[Backtracking/DP]62. Unique Paths

• 分类：Backtracking/DP
• 时间复杂度: O(n*m)

62. Unique Paths

A robot is located at the top-left corner of a m x n grid (marked 'Start' in the diagram below).

The robot can only move either down or right at any point in time. The robot is trying to reach the bottom-right corner of the grid (marked 'Finish' in the diagram below).

How many possible unique paths are there?

image.png

Above is a 7 x 3 grid. How many possible unique paths are there?

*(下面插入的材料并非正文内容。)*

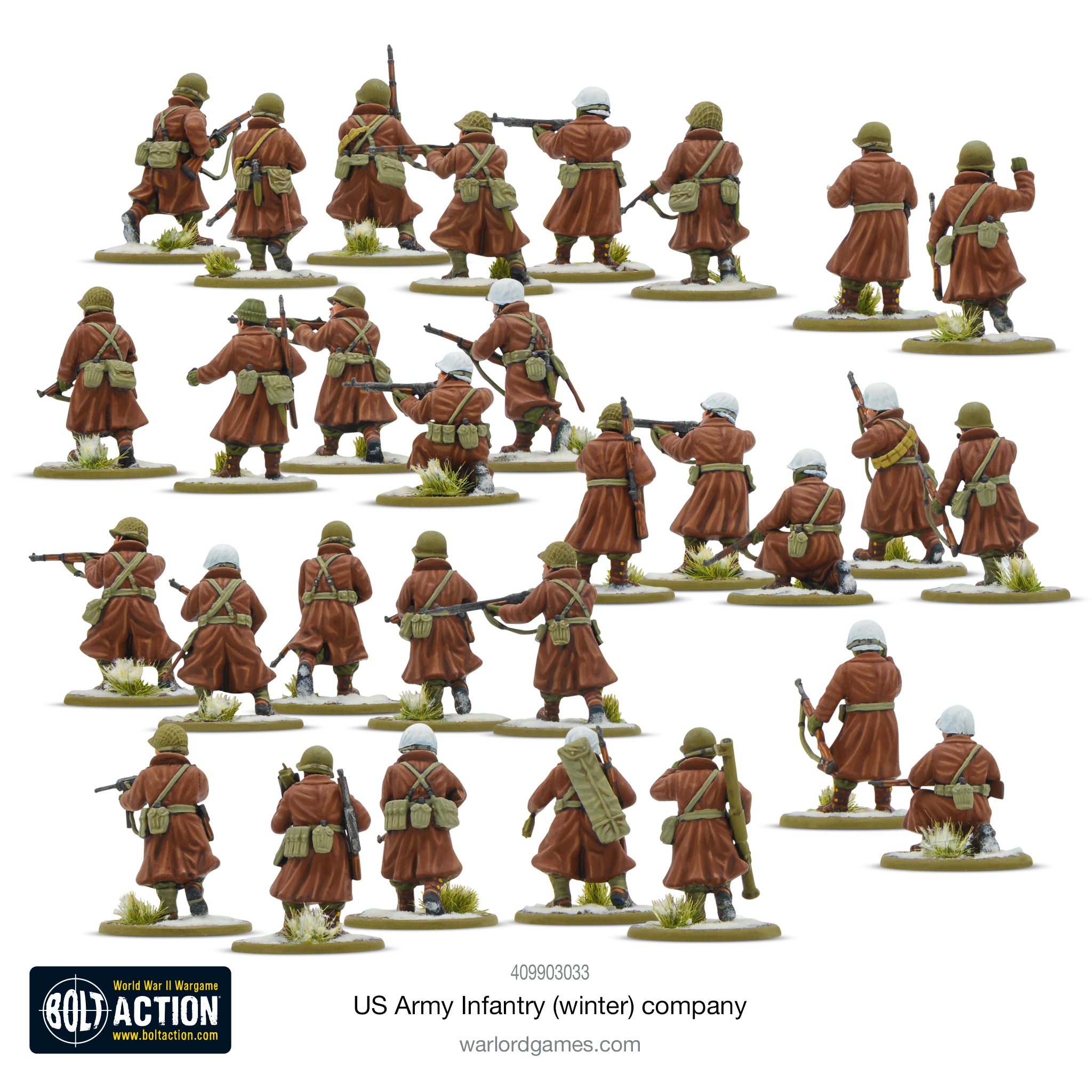 Bolt Action - US Army (Winter) Company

Note: m and n will be at most 100.

Example 1:

Input: m = 3, n = 2

Output: 3

Explanation:

From the top-left corner, there are a total of 3 ways to reach the bottom-right corner:

1\. Right -> Right -> Down

2\. Right -> Down -> Right

3\. Down -> Right -> Right

Example 2:

Input: m = 7, n = 3

Output: 28

代码：

记忆化递归方法:

class Solution:
    def uniquePaths(self, m: 'int', n: 'int') -> 'int':
        
        res=0
        
        if m<0 or n<0:
            return res
        
        res=self.paths(m,n,{})
        return res
        
    def paths(self,m,n,memo):
        #定义边界条件
        if (m,n) in memo:
            return memo[(m,n)]
        else:
            if m<=0 or n<=0:
                return 0
            if m==1 and n==1:
                return 1
            memo[(m,n)]=self.paths(m-1,n,memo)+self.paths(m,n-1,memo)
            return memo[(m,n)]

DP方法:

class Solution:
    def uniquePaths(self, m: 'int', n: 'int') -> 'int':
        
        res=0
        if m<0 or n<0:
            return res
        
        res_matrix=[[0 for i in range(n+1)] for i in range(m+1)]
        res_matrix[1][1]=1
        for i in range(1,m+1):
            for j in range(1,n+1):
                res_matrix[i][j]+=res_matrix[i-1][j]+res_matrix[i][j-1]
        return res_matrix[-1][-1]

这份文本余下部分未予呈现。